A Decade of Experience With the UltraWide-Bore 900-MHz NMR Magnet

Abstract

The ultrawide-bore (UWB) 900 MHz NMR magnet was commissioned in 2004. The magnet was conceived as part of the long range goal of NMR at fields in excess of 25 T that would require inner high temperature superconductor coils in the bore of a low temperature superconductor outer magnet of a sufficiently large bore. In order to address the combined interest in reaching 900 MHz while at the same time advancing the technology of large LTS NMR magnets, the decision was made to produce a 900 MHz magnet with an extended large bore to force the development of technology and for demonstration. Several advances in magnet technology were made in addition to the large bore in the areas of epoxy for impregnation and quench protection. During fabrication of the magnet, a joint between coil sections was possibly damaged, resulting in a large field drift in persistent mode.

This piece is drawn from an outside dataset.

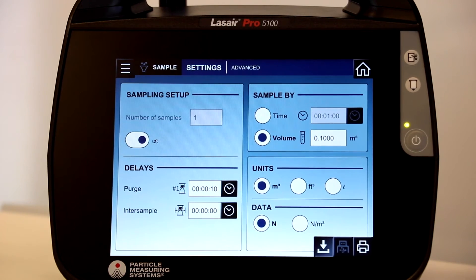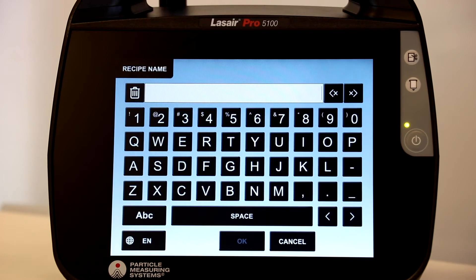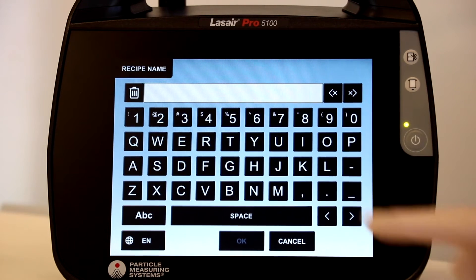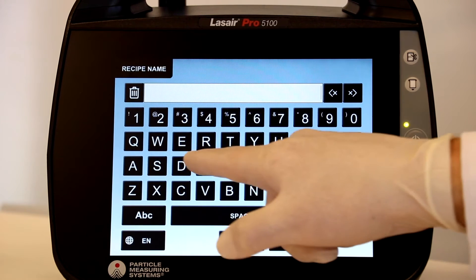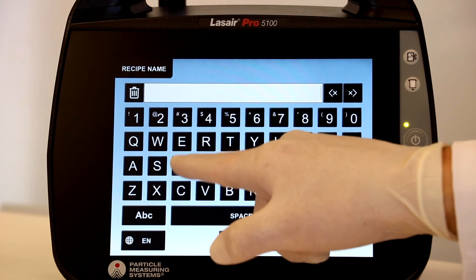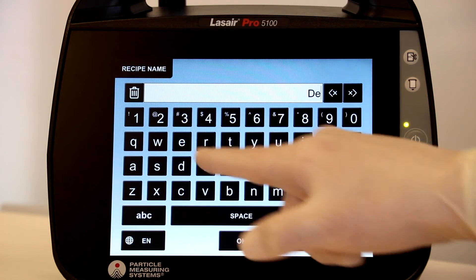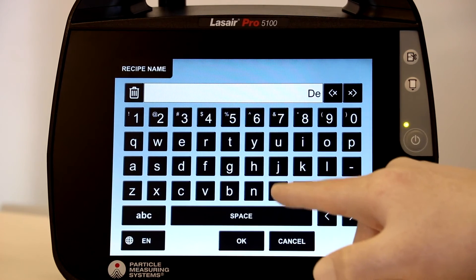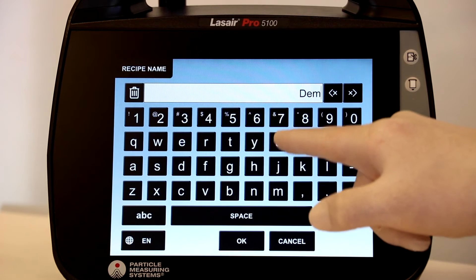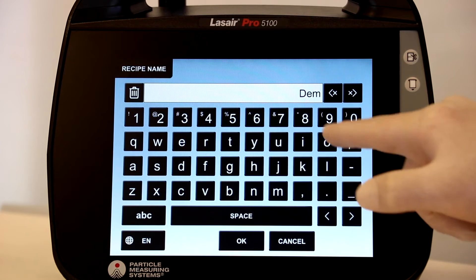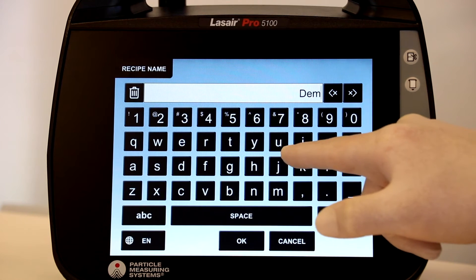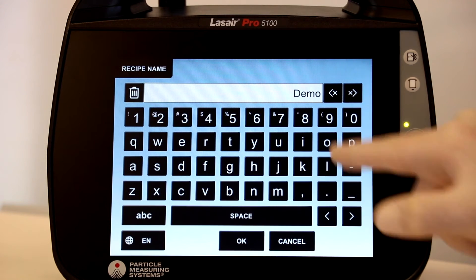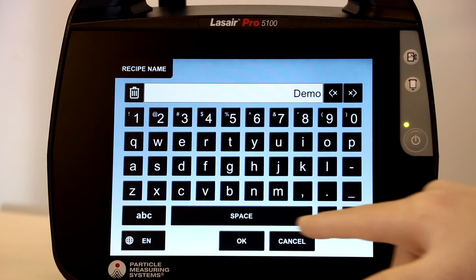After getting the desired settings, you will save the recipe and download it to the instrument. Here, a keyboard appears for you to name the recipe. Simply name the recipe and select OK.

The cancelation of the field drift was initially a challenge but resulted in an excellent opportunity for the further development of drift compensation methods. Once the extended large bore was available, it was found to be increasingly of interest for unique NMR measurements. Since commissioning, the UWB magnet has played a central role in the NMR science program at the NHMFL. Major programs conducted in the magnet include biological solid state NMR both of uniformly oriented samples of membrane proteins that often represent drug targets for the pharmaceutical industry and magic angle sample spinning. The extended wide bore has allowed the magnet to be used for imaging at the high field of 21 T, including studies of high resolution 1 H images of adult rodents, 23 Na imaging in models ranging from single cells to in vivo rats to establish dynamic distributions of ionic sodium in pathological (stroke) and non-pathological (activation) conditions, and multi-modal nanoparticles used to track implanted cells as part of a cellular therapy for neurodegeneration. In addition 23 Na and 35 Cl images of in vivo tumors in animal models have suggested important potential roles for evaluating pharmaceutical efficacy and other medical applications.